__What you will do__
The answer is the data repeated in full, with no pictures included.

__Data segment__
--------------------------------------------------
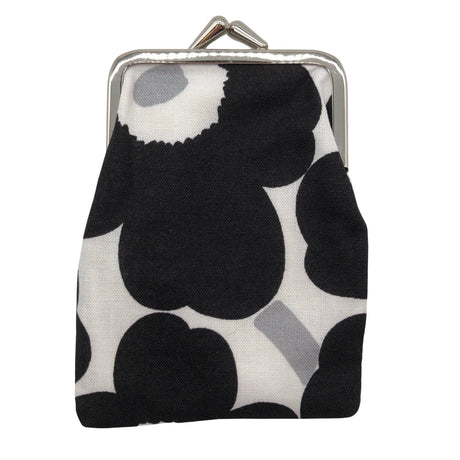 Naisten Marimekko - Kukkaro, koko Ei kokoa - Musta ()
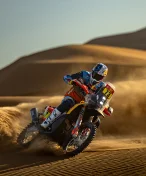 Rozšířené televizní studio z Dakaru posílí nový expert i elektronická tužka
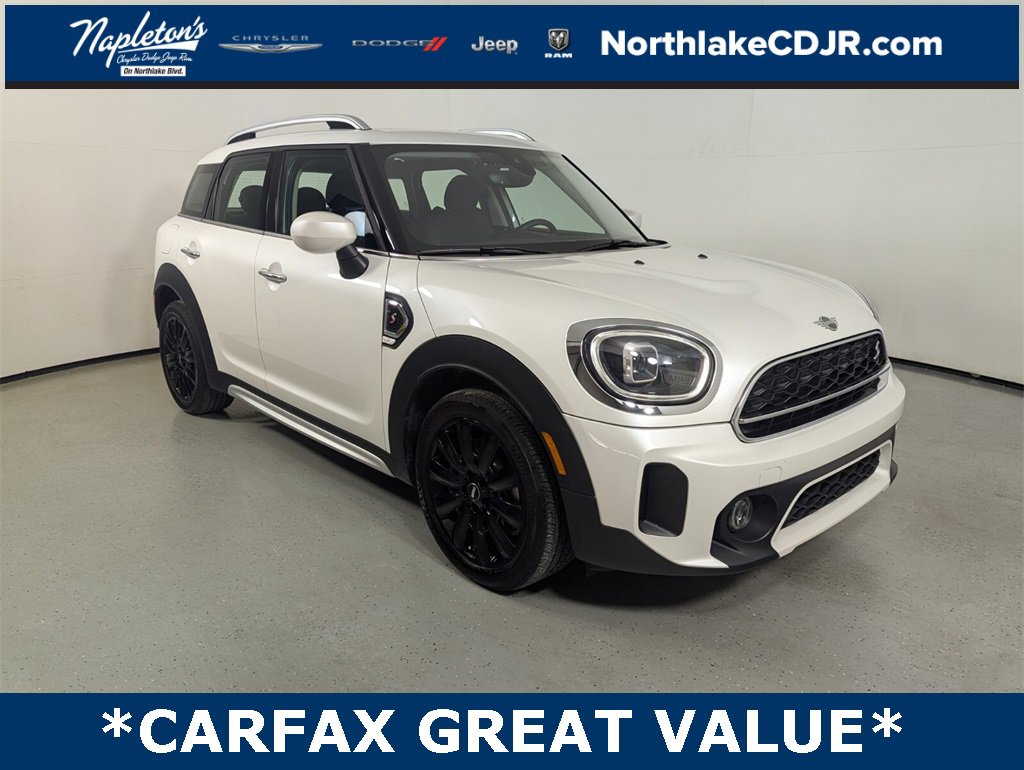 Used 2024 MINI Cooper Countryman S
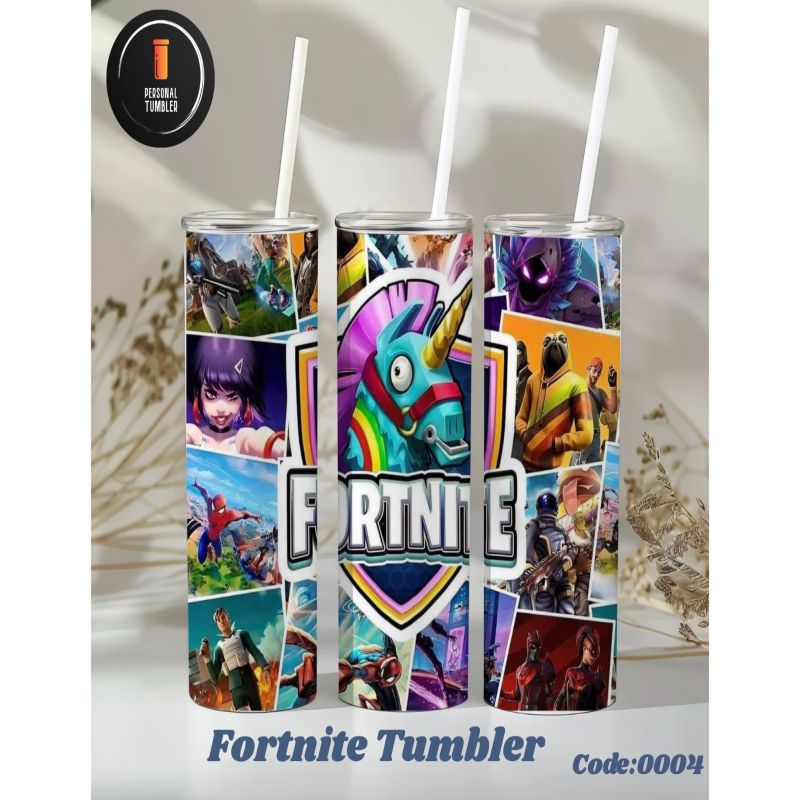 Fortnite Tumbler Stainless Steel 20Oz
--------------------------------------------------
__Task answer__
 Naisten Marimekko - Kukkaro, koko Ei kokoa - Musta ()
 Rozšířené televizní studio z Dakaru posílí nový expert i elektronická tužka
 Used 2024 MINI Cooper Countryman S
 Fortnite Tumbler Stainless Steel 20Oz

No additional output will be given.